There's plenty of post-bop revivalism in jazz—reinterpretations of the music of the 1960s—but it's rarely as interesting, original, and fresh as what we hear from David Weiss on Snuck In. My review on PopMatters is up today.
On the most superficial level, Weiss's band, Point of Departure (for the classic Andrew Hill album of the mid-60s) uses guitar rather than piano for the chording instrument—a simple innovation that gives this band a more contemporary sound. The guitarist is Nir Felder, a young Berklee cat whose sounds is fresh enough to give this band a tasty ZING.
Second, Weiss (known mainly as the arranger for the New Jazz Composers Octet, which has recently played with/for/behind the late Freddie Hubbard) has chosen tunes that we don't usually hear covered—tunes by Tony Williams, Herbie Hancock, Andrew Hill, and (!) Charles Moore that are not the standard Real Book fare.

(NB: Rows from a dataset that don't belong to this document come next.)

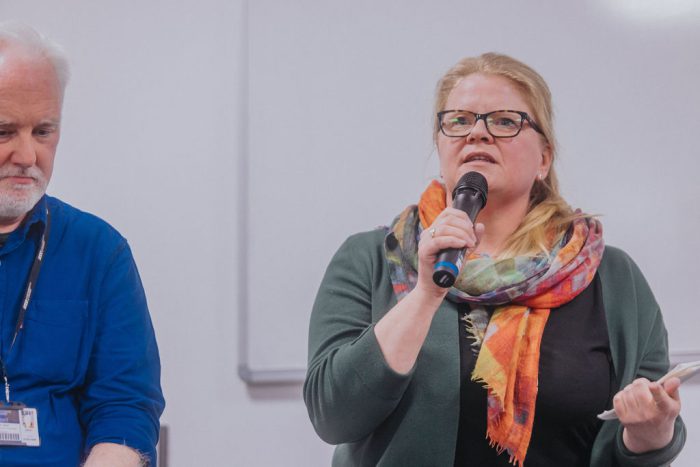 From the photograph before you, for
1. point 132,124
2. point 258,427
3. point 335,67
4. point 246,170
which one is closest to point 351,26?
point 335,67

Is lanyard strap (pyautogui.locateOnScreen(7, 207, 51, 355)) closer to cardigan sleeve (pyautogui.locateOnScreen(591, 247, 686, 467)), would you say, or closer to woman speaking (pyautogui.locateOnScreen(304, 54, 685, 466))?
woman speaking (pyautogui.locateOnScreen(304, 54, 685, 466))

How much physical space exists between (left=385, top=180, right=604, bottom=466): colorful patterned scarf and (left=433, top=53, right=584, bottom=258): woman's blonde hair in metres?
0.03

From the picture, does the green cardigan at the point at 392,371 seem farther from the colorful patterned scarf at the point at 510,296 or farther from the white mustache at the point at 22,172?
Answer: the white mustache at the point at 22,172

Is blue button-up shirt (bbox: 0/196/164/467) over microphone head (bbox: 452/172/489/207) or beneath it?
beneath

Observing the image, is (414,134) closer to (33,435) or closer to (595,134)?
(595,134)

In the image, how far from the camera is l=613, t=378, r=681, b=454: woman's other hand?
1.39 meters

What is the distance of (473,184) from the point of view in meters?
1.53

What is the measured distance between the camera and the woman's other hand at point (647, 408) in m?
1.39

The playing is loose and joyous. JD Allen on tenor never plays cliches. And Jamire Williams (from Robert Glasper's great piano trio) plus Matt Clohesy make for a driving rhythm section. Weiss himself borrows from Hubbard and Lee Morgan, but he adds his own tart tone and ragged flash of imagination.
For jazz fans who never got enough of those old Blue Notes that teetered on the edge of freedom but never quite went "out," Snuck In is a much-recommended blast from the past.